120年ぶりといわれる民法大改正に伴い、2020年4月1日に施行された「配偶者居住権」。伴侶の死後も配偶者が住み慣れた家に住み続けられ、しかも、二次相続の節税対策にもなると歓迎された。しかし、施行から約1年半たった今、制度のほころびも顕在化している。(税理士、岡野雄志税理士事務所所長 岡野雄志)

二次相続にも有効な「配偶者居住権」
ところが、所有権を持つ子の裏切りが発覚!

 2020年4月1日に施行された「配偶者居住権」。まずは、この主なメリットを挙げてみよう。

◎配偶者が現在の住まいに住み続けられる。
◎法定相続分に従って分割する場合、自宅を配偶者の相続財産に含めない分、配偶者に今後の生活費を配分できる。
◎配偶者居住権は取得した配偶者の死亡によって消滅するので、二次相続の際、相続税の節税効果が期待できる。

 例えば、夫が死亡し、相続人は配偶者である妻、そして子としよう。法定相続分に従い、妻が全相続財産の1/2、子が残り1/2を全員で分配することになる。自宅の評価額が全遺産の1/2以上を占め、子たちが残り1/2の相続分を主張して譲らなければ、どうなるか。

「配偶者居住権」施行前は自宅を売り、現金を分配する例が多かった。この場合、妻は住み慣れた自宅を去ることになる。また、妻が自宅=現物を取得し、子たちに代償金として法定相続分を払う「代償分割」の方法もある。妻に豊富な財産があればよいが、今後の生活は困窮するかもしれない。

 その点、「配偶者居住権」を選択すれば、妻は自宅の建物に住む権利「居住権」と敷地を使う「利用権」を得、自宅で暮らせる。代償金などを他の相続人に払う必要もない。子は誰か単独または共有でその建物と敷地の「所有権」が得られ、自宅を含めた法定相続分を配分されることが可能だ。

 このメリットを生かし、Aさんも妻には「配偶者居住権」を遺贈すると遺言書にしたためた。実は、Aさんは現在の妻と再婚している。前妻との間には、一人息子がいる。その息子と現在の妻がもめることがないよう、自分の死後も現在の妻が安心して暮らせるよう配慮した。

 やがては、現在の妻もこの世を去る。すると、二次相続が発生する。妻が自宅の所有権を取得していれば、妻の死後、その所有権は妻の親族に相続されてしまう。「配偶者居住権」なら、妻の死亡とともに権利は消滅する。所有権は息子にあるので、二次相続後も息子が所有できる。

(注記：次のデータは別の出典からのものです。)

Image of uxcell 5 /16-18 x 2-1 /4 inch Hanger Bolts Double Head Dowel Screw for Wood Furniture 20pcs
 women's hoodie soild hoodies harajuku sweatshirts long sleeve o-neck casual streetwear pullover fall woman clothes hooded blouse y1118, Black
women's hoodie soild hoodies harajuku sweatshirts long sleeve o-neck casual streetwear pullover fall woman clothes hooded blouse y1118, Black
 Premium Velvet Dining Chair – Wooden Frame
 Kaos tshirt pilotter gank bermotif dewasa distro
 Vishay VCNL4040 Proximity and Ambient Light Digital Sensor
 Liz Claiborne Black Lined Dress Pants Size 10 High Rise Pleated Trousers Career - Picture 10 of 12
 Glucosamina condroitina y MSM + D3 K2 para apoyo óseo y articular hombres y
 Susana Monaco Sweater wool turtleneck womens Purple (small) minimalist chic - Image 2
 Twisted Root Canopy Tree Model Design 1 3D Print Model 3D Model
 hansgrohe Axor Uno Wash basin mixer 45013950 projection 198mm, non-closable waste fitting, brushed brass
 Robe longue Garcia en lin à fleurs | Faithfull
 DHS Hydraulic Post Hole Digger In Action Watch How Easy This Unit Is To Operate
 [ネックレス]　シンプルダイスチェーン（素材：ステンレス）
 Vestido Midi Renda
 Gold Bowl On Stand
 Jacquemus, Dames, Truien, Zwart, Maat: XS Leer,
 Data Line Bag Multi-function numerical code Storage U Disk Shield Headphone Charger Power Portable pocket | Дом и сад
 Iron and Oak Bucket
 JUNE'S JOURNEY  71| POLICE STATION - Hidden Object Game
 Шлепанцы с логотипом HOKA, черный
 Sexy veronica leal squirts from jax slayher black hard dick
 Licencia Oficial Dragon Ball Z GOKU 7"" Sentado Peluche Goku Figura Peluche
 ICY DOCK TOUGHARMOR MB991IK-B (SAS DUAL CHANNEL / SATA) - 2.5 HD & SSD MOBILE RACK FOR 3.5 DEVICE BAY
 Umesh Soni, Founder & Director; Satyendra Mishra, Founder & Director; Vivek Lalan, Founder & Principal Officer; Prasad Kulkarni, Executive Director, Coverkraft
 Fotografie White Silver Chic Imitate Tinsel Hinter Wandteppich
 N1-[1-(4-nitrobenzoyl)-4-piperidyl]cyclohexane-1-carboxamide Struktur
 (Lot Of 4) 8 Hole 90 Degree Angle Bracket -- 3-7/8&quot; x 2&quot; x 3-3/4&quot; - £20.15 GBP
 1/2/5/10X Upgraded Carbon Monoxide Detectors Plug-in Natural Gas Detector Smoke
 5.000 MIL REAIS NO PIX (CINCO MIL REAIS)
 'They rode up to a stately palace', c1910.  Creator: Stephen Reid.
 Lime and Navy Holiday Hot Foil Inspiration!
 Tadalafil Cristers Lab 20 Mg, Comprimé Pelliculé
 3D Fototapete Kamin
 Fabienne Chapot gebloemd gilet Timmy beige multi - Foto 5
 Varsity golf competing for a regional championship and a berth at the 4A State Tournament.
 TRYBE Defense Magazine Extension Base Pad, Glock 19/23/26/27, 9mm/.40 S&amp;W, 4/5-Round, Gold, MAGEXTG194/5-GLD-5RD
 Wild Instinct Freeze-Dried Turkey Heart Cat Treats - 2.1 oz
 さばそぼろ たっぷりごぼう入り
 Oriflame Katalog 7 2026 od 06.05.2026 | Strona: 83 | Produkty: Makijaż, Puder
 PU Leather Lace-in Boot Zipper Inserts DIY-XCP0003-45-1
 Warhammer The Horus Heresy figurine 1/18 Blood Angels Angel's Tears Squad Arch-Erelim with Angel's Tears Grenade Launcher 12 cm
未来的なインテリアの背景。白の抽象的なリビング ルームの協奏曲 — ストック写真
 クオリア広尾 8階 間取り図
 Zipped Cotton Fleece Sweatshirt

 ただし、遺言書には配偶者に配偶者居住権を「相続させる」ではなく、「遺贈する」と書くこと。民法第1028条第1項に「遺産の分割によって配偶者居住権を取得するものとされたとき」「配偶者居住権が遺贈の目的とされたとき」と規定され、「相続による」との定めはない。

 Aさんは、この点も留意して公正証書遺言を作成し、その後、急逝。後妻と前妻の息子はこれまで面識がなかったが、何度か連絡を取り合い、Aさんの遺言書に従うことで合意した。ところが……である。肝心の「登記」の段階になって、突然、息子は考えを翻した。